■ **HOW TO COMPLETE THIS TASK**:
Please write out exactly the line containing "Der Tanker XANTHIA auf dem Nord-ostsee-Kanal" below and every line after it, through the last one, but leave out any pictures.

■ **DATASET SECTION**:
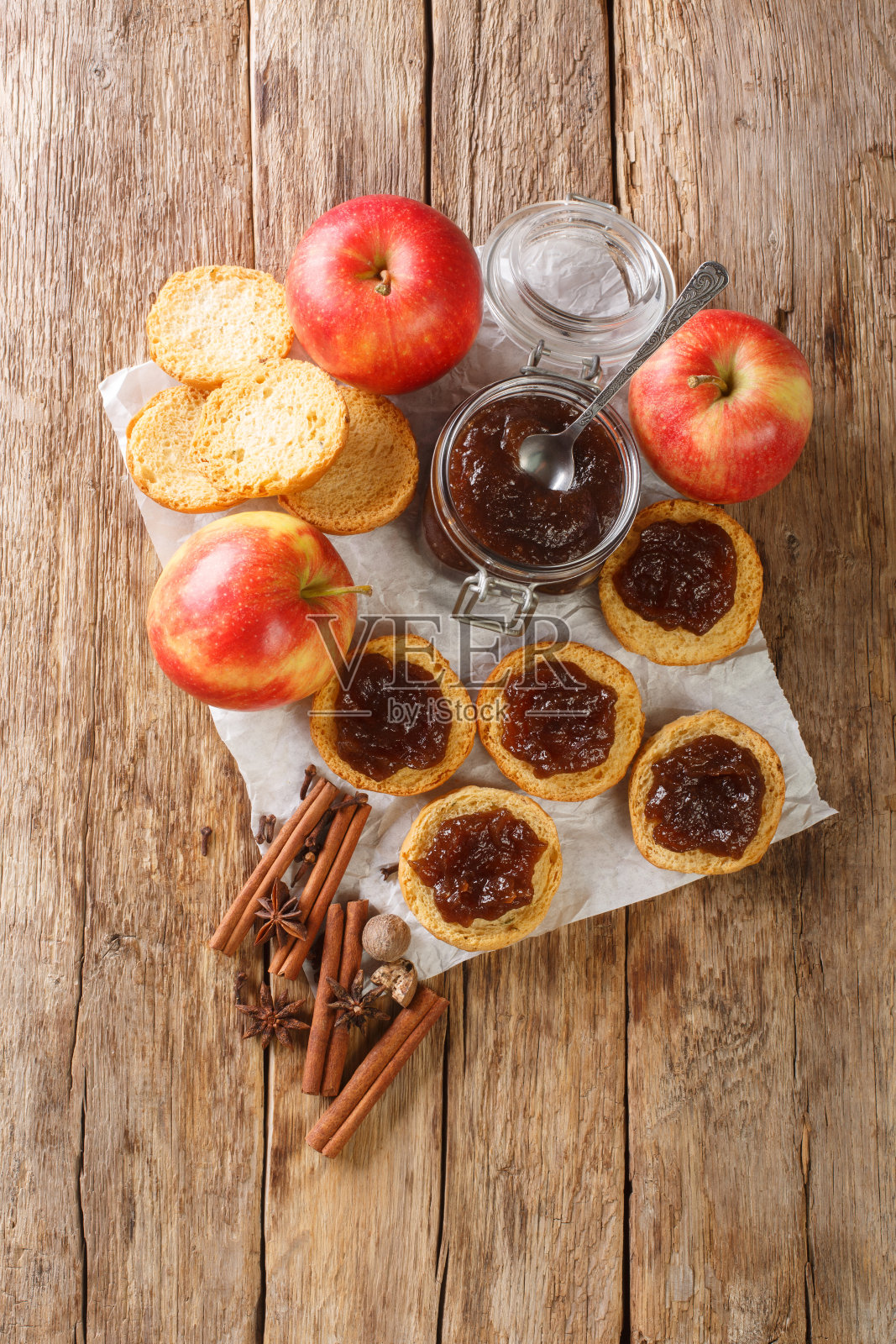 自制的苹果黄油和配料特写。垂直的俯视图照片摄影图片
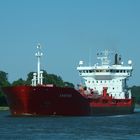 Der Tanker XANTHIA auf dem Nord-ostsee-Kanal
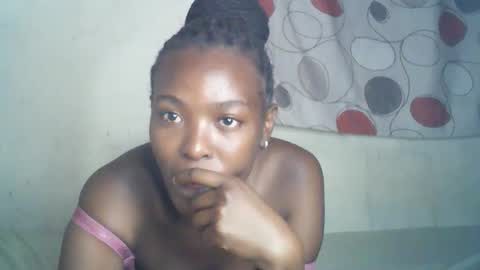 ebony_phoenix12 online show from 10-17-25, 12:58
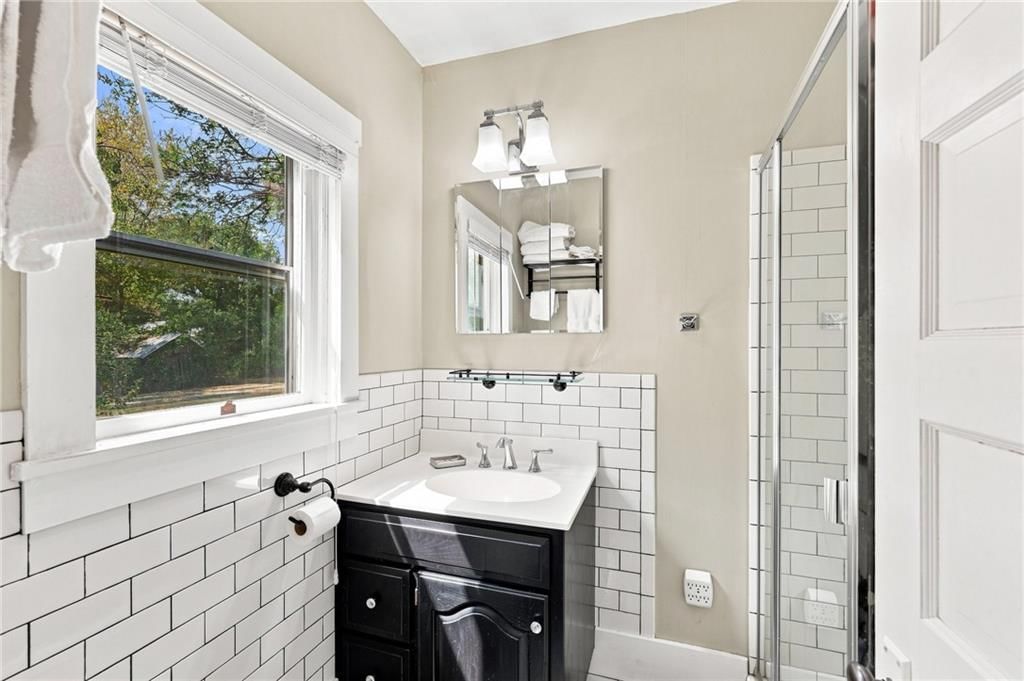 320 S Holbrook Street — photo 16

■ **REPLY TO THE TASK**:
 Der Tanker XANTHIA auf dem Nord-ostsee-Kanal
 ebony_phoenix12 online show from 10-17-25, 12:58
 320 S Holbrook Street — photo 16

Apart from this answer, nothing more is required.